The PM told journalists to note that elections will be held on time. The caretaker prime minister was in pensive disposition but his foreigner spouse, who had been a follower of Buddha, kept smiling while sitting among the guests throughout the oath-taking ceremony. Nasirul Mulk, who has served as chief justice and chief election commissioner (CEC) of the country, earlier kept assuring his interlocutors in the function that he would do his best for holding the elections transparently. He said the administration would provide the maximum assistance to the ECP for holding the polls.

Interestingly, the PTI chief Imran Khan was also invited for the oath-taking ceremony as the guest of the caretaker prime minister, but he didn’t turn up. Dr Farooq Sattar of the MQM-Pakistan was the only head of any party who opted to grace the ceremony. The Senate Chairman, Sadiq Sanjrani, Leader of the House in Senate Raja Zafarul Haq, services chiefs, Chief Election Commissioner (CEC) Justice (retd) Sardar Raza Khan, Professor Ahsan Iqbal, Engineer Amir Muqam, NSA Lt Gen (retd) Nasser Khan Janjua, former senator Nehal Hashmi, Sartaj Aziz, Attorney General Ashtar Ausaf Ali, Federal OmbudsmanAli, Federal Ombudsman Syed Tahir Shahbaz, Sheikh Luqman Ali Afzal, Anusha Rehman and Professor Irfan Siddiqui were among the conspicuous guests.

After taking oath, the caretaker premier was presented with a guard of honour at the PM House. Mulk is the seventh caretaker prime minister of Pakistan. Former prime minister Shahid Khaqan Abbasi was also given farewell with a guard of honour.

US ambassador David Hale told this correspondent that the oath taking is a public ceremony and one should hope that democracy will flourish in Pakistan. Indian High Commissioner Ajay Absaria said efforts are yielding results by reversing the negative trend in the ties between Pakistan and India.

Sardar Raza Khan was of the view that the elections will be held as per announcement made already. He reminded that the election laws in Pakistan are more stringent than in India. He said the Election Commission has the authority to proceed in contempt cases, while it is not available to the Indian election rules. While quoting a former Indian chief election commissioner, he said that Indian judiciary and media provide outright support to the election authorities, while in Pakistan, it is lacking.

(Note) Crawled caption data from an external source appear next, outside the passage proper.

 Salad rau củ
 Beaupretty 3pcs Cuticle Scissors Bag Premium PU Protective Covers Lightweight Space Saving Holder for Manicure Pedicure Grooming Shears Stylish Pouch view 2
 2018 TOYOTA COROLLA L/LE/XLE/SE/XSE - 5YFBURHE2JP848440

Sartaj Aziz, who was greeted by the fellow guests on legislation about Fata and Pata, said Zulfikar Ali Bhutto had undertaken the exercise way back in 1976 to merge the areas in the then NWFP, currently KP province, but he was frightened by the impression that it would become even bigger unit than Sindh. He said this fear forced him to drag his feet. The ambassadors/high commissioners of China, Russia, UK, Saudi Arabia, United Arab Emirates (UAE), Qatar, Japan, Iran, and France also attended the ceremony.

Meanwhile, Chief Justice of Pakistan Justice Mian Saqib Nisar vowed to ensure that there is no delay in the upcoming general elections. “General elections will be held on July 25 and we will not allow any delay no matter what,” the chief justice said during a hearing in the Supreme Court’s Lahore Registry on a petition against the Election Commission code of conduct for the upcoming general elections.

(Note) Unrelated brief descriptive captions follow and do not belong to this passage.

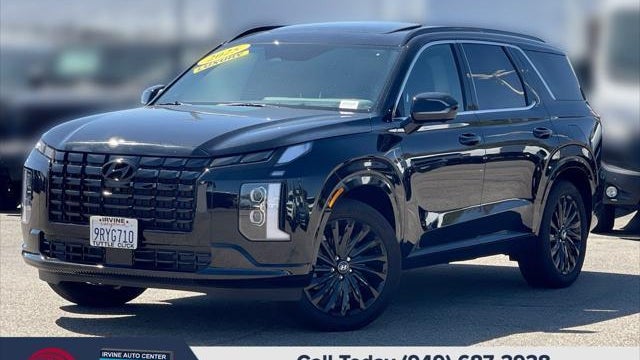Preowned 2025 Hyundai PALISADE Calligraphy Night Edition for Sale
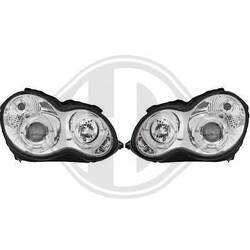 DIEDERICHS HD Tuning 1671880 Scheinwerfer-Kit passend für MERCEDES-BENZ C-Klasse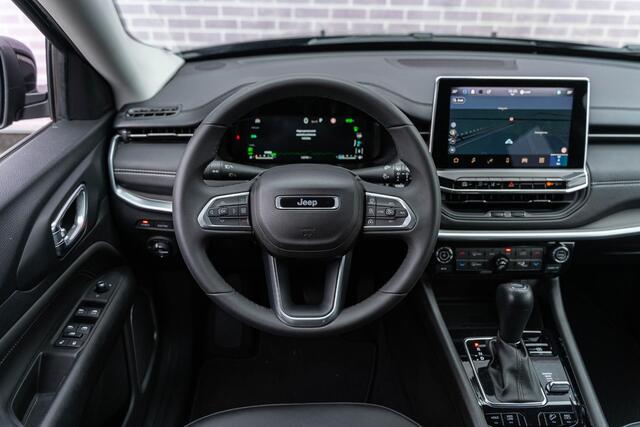 Jeep COMPASS 4xe 190 Plug-in Hybrid Electric Limited Lease Ed. Achteruitrij camera | Apple Carplay\ Android auto | Navigatie | adaptive cruise control | Keyless entry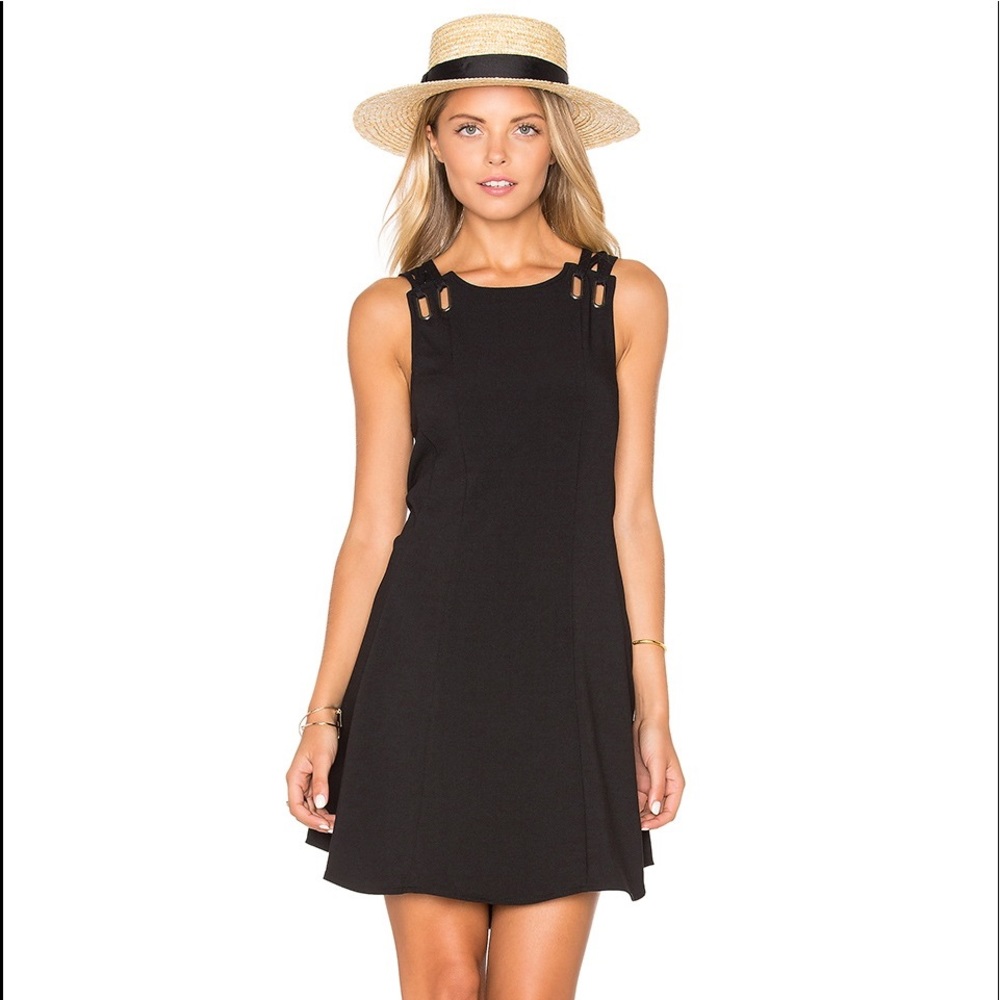 Free People Black dress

The petitioner stated that ECP’s code of conduct issued for 2018 general elections is against “agreed upon rules and regulations”. “The court should declare the code of conduct null and void,” the petition stated.

Issuing a notice on the matter, the court summoned a reply from the chief election commissioner to be submitted by June 4. The ECP on Thursday released code of conduct for election observers, polling staff and security officials who will be deployed during the general elections.